[Python-ideas] Implement __add__ for set and frozenset

Arnaud Delobelle arnodel at googlemail.com
Tue Jun 10 02:31:06 CEST 2008


On 10 Jun 2008, at 00:33, Terry Jones wrote:

>>>>>> "Arnaud" == Arnaud Delobelle <arnodel at googlemail.com> writes:
> Arnaud> I've written a patch [1] that does that.  Following the  
> suggestion
> Arnaud> of Raymond Hettinger, I've implemented set.intersection by  
> sorting
> Arnaud> all its sets/frozensets/dicts in increasing order of size  
> first,
> Arnaud> then iterating over the smallest.
>
> Hi Arnaud
>
> I don't know if you'll do any benchmarking on this, but I'd suggest:
>
> - First find the set with the smallest size (this is O(n) work).
>
> - If that size is sufficiently small and the number of sets is
>   sufficiently large (numbers to be determined by testing), don't  
> sort the
>   sets by size - just go for it.
>
> - Else do the sorting.
>
> The point being that if the smallest set is already quite small, the  
> size
> of the intersection is already tightly bounded and you're possibly  
> going to
> do an expensive sort that's really not needed.
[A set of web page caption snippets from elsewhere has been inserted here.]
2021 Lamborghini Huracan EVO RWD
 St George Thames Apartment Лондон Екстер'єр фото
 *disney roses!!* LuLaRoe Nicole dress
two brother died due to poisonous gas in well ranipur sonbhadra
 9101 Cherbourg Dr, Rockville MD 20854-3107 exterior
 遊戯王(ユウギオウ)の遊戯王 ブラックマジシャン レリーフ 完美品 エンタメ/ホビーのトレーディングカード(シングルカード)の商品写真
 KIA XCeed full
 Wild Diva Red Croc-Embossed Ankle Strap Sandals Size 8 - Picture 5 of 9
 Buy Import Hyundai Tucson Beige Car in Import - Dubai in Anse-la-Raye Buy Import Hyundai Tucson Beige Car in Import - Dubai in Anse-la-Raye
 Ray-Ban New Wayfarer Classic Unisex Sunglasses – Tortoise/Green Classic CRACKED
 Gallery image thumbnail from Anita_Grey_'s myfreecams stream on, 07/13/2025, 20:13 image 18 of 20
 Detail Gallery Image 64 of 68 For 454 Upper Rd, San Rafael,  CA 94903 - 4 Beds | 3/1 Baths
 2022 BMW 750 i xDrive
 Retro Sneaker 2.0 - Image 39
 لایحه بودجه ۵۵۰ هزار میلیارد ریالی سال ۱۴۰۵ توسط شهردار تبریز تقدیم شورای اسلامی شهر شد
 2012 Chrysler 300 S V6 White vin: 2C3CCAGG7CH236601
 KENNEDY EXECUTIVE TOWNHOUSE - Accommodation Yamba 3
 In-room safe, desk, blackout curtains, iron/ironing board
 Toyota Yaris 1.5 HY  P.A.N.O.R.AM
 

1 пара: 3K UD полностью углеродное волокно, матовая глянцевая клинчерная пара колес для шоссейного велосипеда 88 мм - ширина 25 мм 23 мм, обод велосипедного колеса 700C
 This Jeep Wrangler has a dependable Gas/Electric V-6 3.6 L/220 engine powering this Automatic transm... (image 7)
The O(n) work to find  
> the
> smallest is tiny compared to just blindly doing O(n lg n)  
> immediately. Most
> of the juice you get from moving from small to big sets comes from  
> starting
> with the smallest.
>

My first reaction is to agree with this.  Just finding the smallest  
hashtable might be enough, and I first set out to do just that.   
Raymond Hettinger suggested going from smallest to largest and I  
decided against having too many code paths, without any real rationale  
(or rather, I probably had in my mind that it would be used for a  
small number of big sets, rather than a big number of small sets).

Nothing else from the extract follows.